Common HER2-Targeted Agents
| Drug Name | Class | Mechanism of Action | Indications |
|---|---|---|---|
| Trastuzumab (Herceptin®) | Monoclonal antibody | Binds HER2 extracellular domain → inhibits signaling & flags cells for immune-mediated destruction | HER2+ breast, gastric/gastroesophageal cancer |
| Pertuzumab (Perjeta®) | Monoclonal antibody | Binds different HER2 domain → blocks HER2 dimerization | HER2+ breast cancer (in combination) |
| Ado-trastuzumab emtansine (T-DM1, Kadcyla®) | Antibody-drug conjugate | Trastuzumab linked to DM1 cytotoxic agent; delivers chemo to HER2+ cells | HER2+ metastatic breast cancer post trastuzumab/ taxanes |
| Fam-trastuzumab deruxtecan (Enhertu®) | Antibody-drug conjugate | Trastuzumab linked to topoisomerase I inhibitor payload | HER2+ metastatic breast and gastric cancer |
| Lapatinib (Tykerb®) | Small molecule TKI | Inhibits intracellular tyrosine kinase domains of HER2 and EGFR | HER2+ breast cancer (advanced) |
| Neratinib (Nerlynx®) | Small molecule TKI | Irreversible pan-HER TKI | Extended adjuvant treatment of HER2+ breast cancer |
| Tucatinib (Tukysa®) | Small molecule TKI | Selective HER2 TKI | HER2+ metastatic breast cancer (with trastuzumab and capecitabine) |
Pharmacology Highlights
- Monoclonal antibodies: IV administration, long half-life, immune-mediated mechanisms.
- TKIs: Oral administration, inhibit kinase activity intracellularly, often used in combination with chemotherapy or antibodies.
- Antibody-drug conjugates (ADCs): Targeted delivery of cytotoxic agents, balancing efficacy and toxicity.
Common Toxicities
| Agent | Key Toxicities | Management/Monitoring |
|---|---|---|
| Trastuzumab | Cardiotoxicity (decreased LVEF), infusion reactions | Baseline & periodic echocardiograms, monitor symptoms |
| Pertuzumab | Similar to trastuzumab; diarrhea, rash | Supportive care, hydration |
| ADCs (T-DM1, Deruxtecan) | Thrombocytopenia, hepatotoxicity, interstitial lung disease (ILD) | CBC monitoring, LFTs, pulmonary symptoms monitoring |
| TKIs (Lapatinib, Neratinib) | Diarrhea (severe), rash, hepatotoxicity | Prophylactic antidiarrheals, skin care, LFTs |
| Tucatinib | Diarrhea, hepatotoxicity | Supportive care, liver function monitoring |
Clinical Considerations
- HER2 testing (IHC, FISH) is essential for patient selection.

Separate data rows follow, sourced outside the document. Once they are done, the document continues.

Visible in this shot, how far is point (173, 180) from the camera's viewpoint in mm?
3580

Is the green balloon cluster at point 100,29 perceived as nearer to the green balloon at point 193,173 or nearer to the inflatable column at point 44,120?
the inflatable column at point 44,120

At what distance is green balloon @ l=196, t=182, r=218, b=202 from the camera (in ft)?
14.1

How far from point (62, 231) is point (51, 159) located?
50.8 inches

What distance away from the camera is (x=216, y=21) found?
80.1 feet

- Cardiac monitoring is critical with trastuzumab-based therapies.
- Diarrhea prophylaxis and management important with TKIs.
- ADCs require vigilance for pulmonary toxicity.

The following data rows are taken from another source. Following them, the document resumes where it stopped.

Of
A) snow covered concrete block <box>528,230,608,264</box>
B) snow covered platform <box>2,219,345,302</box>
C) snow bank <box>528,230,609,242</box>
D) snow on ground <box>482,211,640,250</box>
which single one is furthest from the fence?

- Combination regimens (e.g., trastuzumab + pertuzumab + chemo) improve outcomes but increase toxicity risk.
Practice Pearls
- Early detection of cardiotoxicity enables treatment interruption and recovery.

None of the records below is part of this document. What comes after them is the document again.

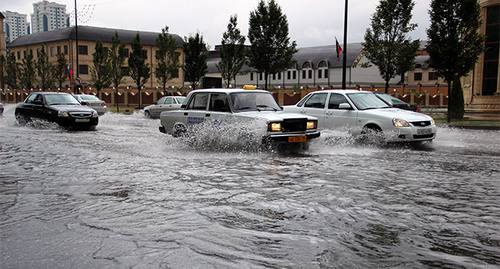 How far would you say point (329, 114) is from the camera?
1224 centimetres

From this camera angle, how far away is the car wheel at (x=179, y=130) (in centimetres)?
1150

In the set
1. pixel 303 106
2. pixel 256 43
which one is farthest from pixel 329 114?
pixel 256 43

- Patient education on diarrhea management improves adherence.
- Familiarity with administration schedules and infusion reactions helps optimize patient care.
- Newer agents (e.g., trastuzumab deruxtecan) show promise but require close toxicity monitoring.
Key Takeaway:
HER2-targeted therapies have revolutionized treatment of HER2-positive cancers, markedly improving survival. Safe and effective use requires careful patient selection, toxicity monitoring, and supportive care.